I am trying my hand at ELMo by simply using it as part of a larger PyTorch model. A basic example is given here.
This is a torch.nn.Module subclass that computes any number of ELMo representations and introduces trainable scalar weights for each. For example, this code snippet computes two layers of representations (as in the SNLI and SQuAD models from our paper):
from allennlp.modules.elmo import Elmo, batch_to_ids
options_file = "https://s3-us-west-2.amazonaws.com/allennlp/models/elmo/2x4096_512_2048cnn_2xhighway/elmo_2x4096_512_2048cnn_2xhighway_options.json"
weight_file = "https://s3-us-west-2.amazonaws.com/allennlp/models/elmo/2x4096_512_2048cnn_2xhighway/elmo_2x4096_512_2048cnn_2xhighway_weights.hdf5"
# Compute two different representation for each token.
# Each representation is a linear weighted combination for the
# 3 layers in ELMo (i.e., charcnn, the outputs of the two BiLSTM))
elmo = Elmo(options_file, weight_file, 2, dropout=0)
# use batch_to_ids to convert sentences to character ids
sentences = [['First', 'sentence', '.'], ['Another', '.']]
character_ids = batch_to_ids(sentences)
embeddings = elmo(character_ids)
# embeddings['elmo_representations'] is length two list of tensors.

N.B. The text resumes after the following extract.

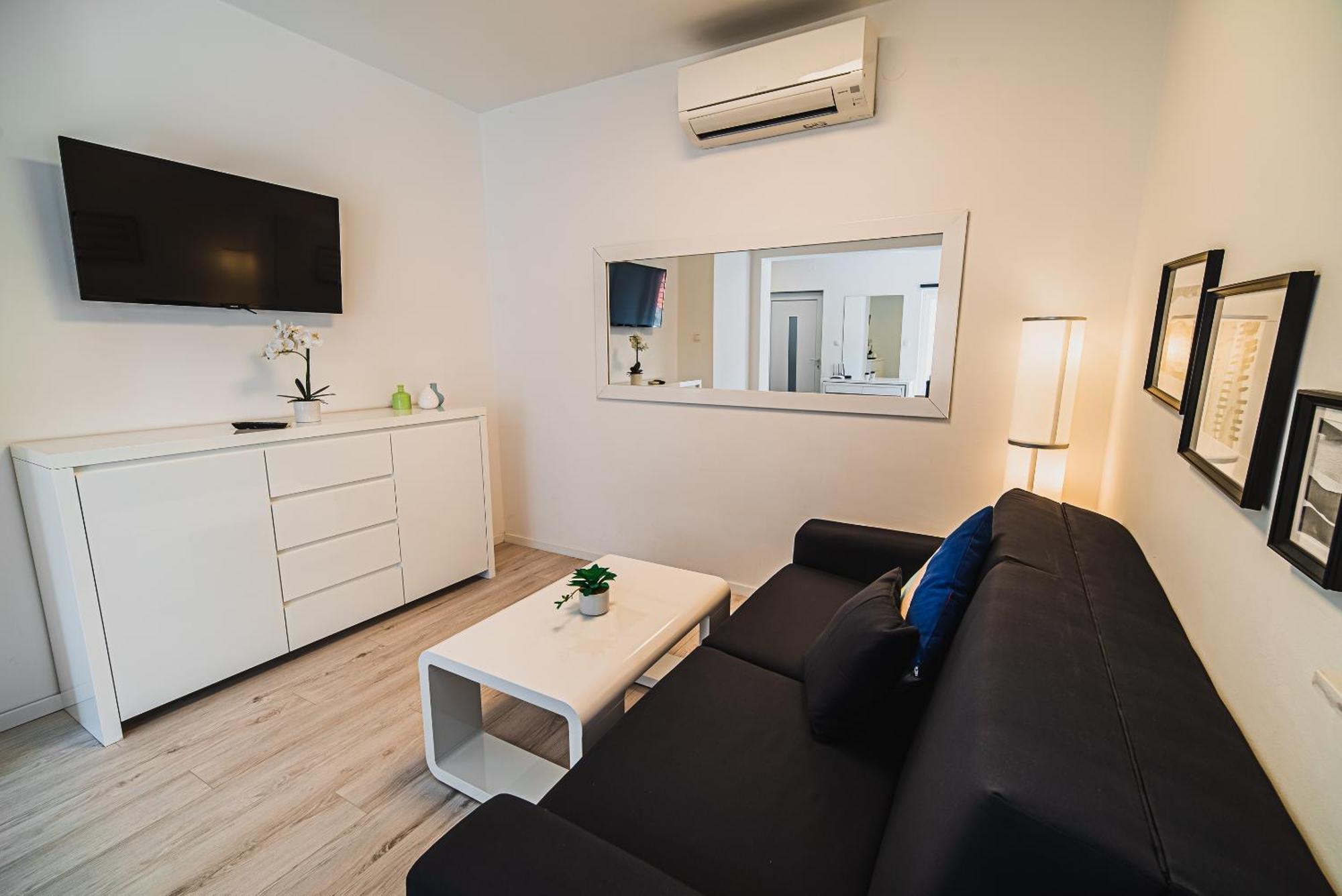 Downtown Park Apartments With Balcony Vodice Bilik gambar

# Each element contains one layer of ELMo representations with shape
# (2, 3, 1024).
# 2 - the batch size
# 3 - the sequence length of the batch
# 1024 - the length of each ELMo vector
My question concerns the 'representations'. Can you compare them to normal word2vec output layers? You can choose how many ELMo will give back (increasing an n-th dimension), but what is the difference between these generated representations and what is their typical use?
To give you an idea, for the above code, embeddings['elmo_representations']
returns a list of two items (the two representation layers) but they are identical.
In short, how can one define the 'representations' in ELMo?